I’ve used this trick a few times when an Apple device needed to be repaired or replaced under warranty, but Apple needed a week or so to process the item. For example, my Apple Watch developed a stuck pixel. The Apple Store could not certify the replacement but needed to send it back to HQ and then be authorized to give me a new old-series watch. With the store’s encouragement, I ‘bought’ the next-generation watch and used it for a few days until the exchange was authorized. At that point, I returned the new watch for a full refund.
The nice thing was that it let me see that the improvements in the new series were nothing to be lusted over.
One reason is that in retail stores, each sales employee has a daily goal to meet. Futher, when the return happens several days later, there’s a pretty good chance somebody other than the original employee will handle the transaction.
Back to helping my friend get his music over from his old Time Machine drive to his Apple Music.
He brought it over today and I ran into some problems trying to help him.
I could not mount his USB drive to his iPad using his adapter (plugs into the USB-C port on his iPad and USB cable on the WD drive). It never appeared in Files like it did when he was here before and I moved photos over.
I also tried my adapter. Same problem.
I also tried connecting it to my iPad.
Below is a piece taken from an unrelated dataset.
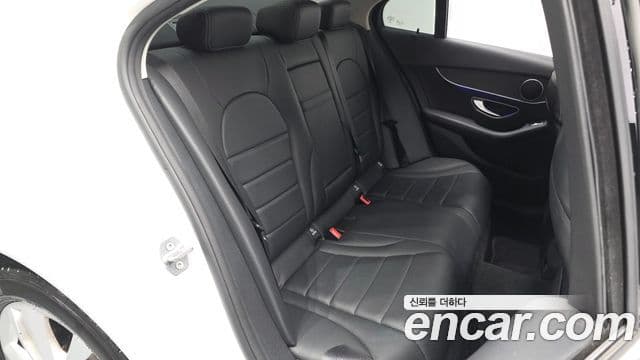 Mercedes-Benz C-Class 2019 — фото 11 из 20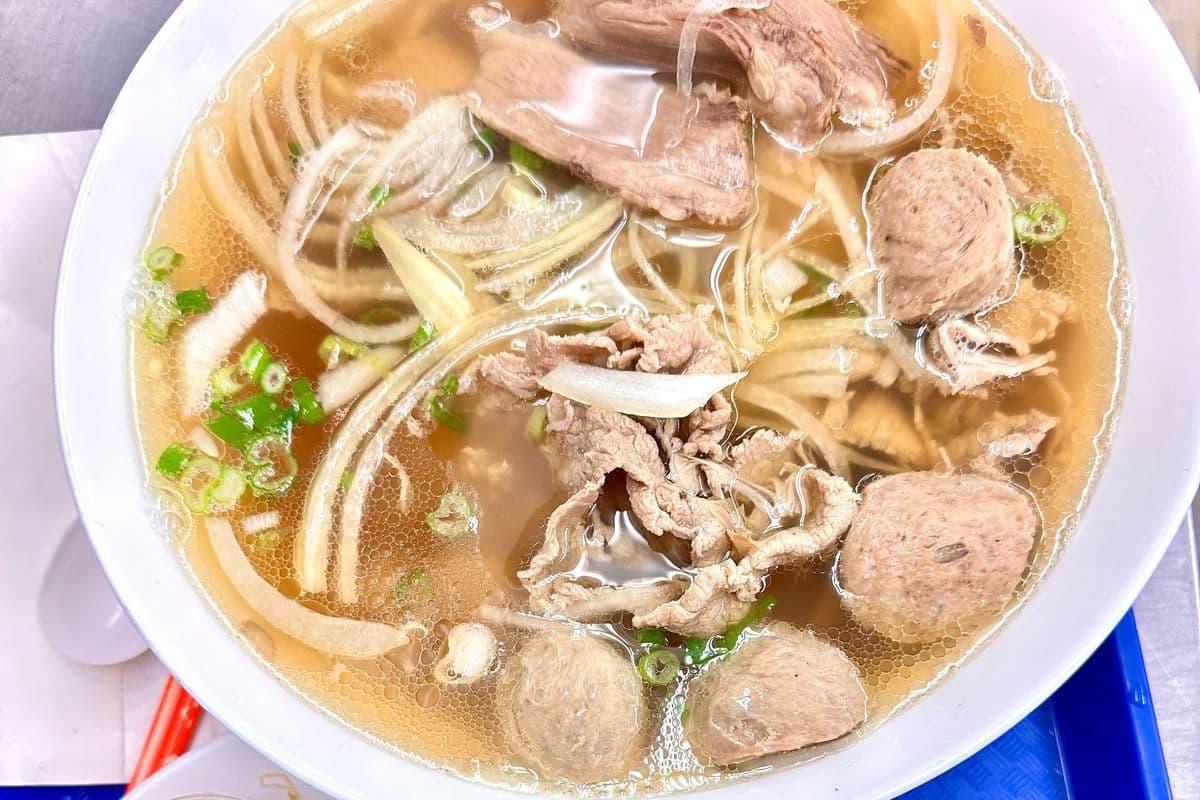 P2. Well-done Beef and Beef Balls Noodle Soup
Same problem.
Then I tried connecting it to my Mac. Not only wouldn’t it mount but I noticed that Time Machine hadn’t run since the 17th because it had become unmounted! CCC was mounted and had been working though. I tried mounting Time Machine and it mounted and started working. But when I then connected his drive to my Mac (while Time Machine was still backing up my Mac) the Mac froze and restarted multiple times, Finally I disconnected his drive and my Mac started up again, but Time Machine didn’t automatically mount. I had to manually mount it via Disk Utility.
Currently I’m waiting for Time Machine to finish up before attempting to connect his drive again (if I dare - I don’t want my Mac restarting yet again), but I wonder what the problem might be.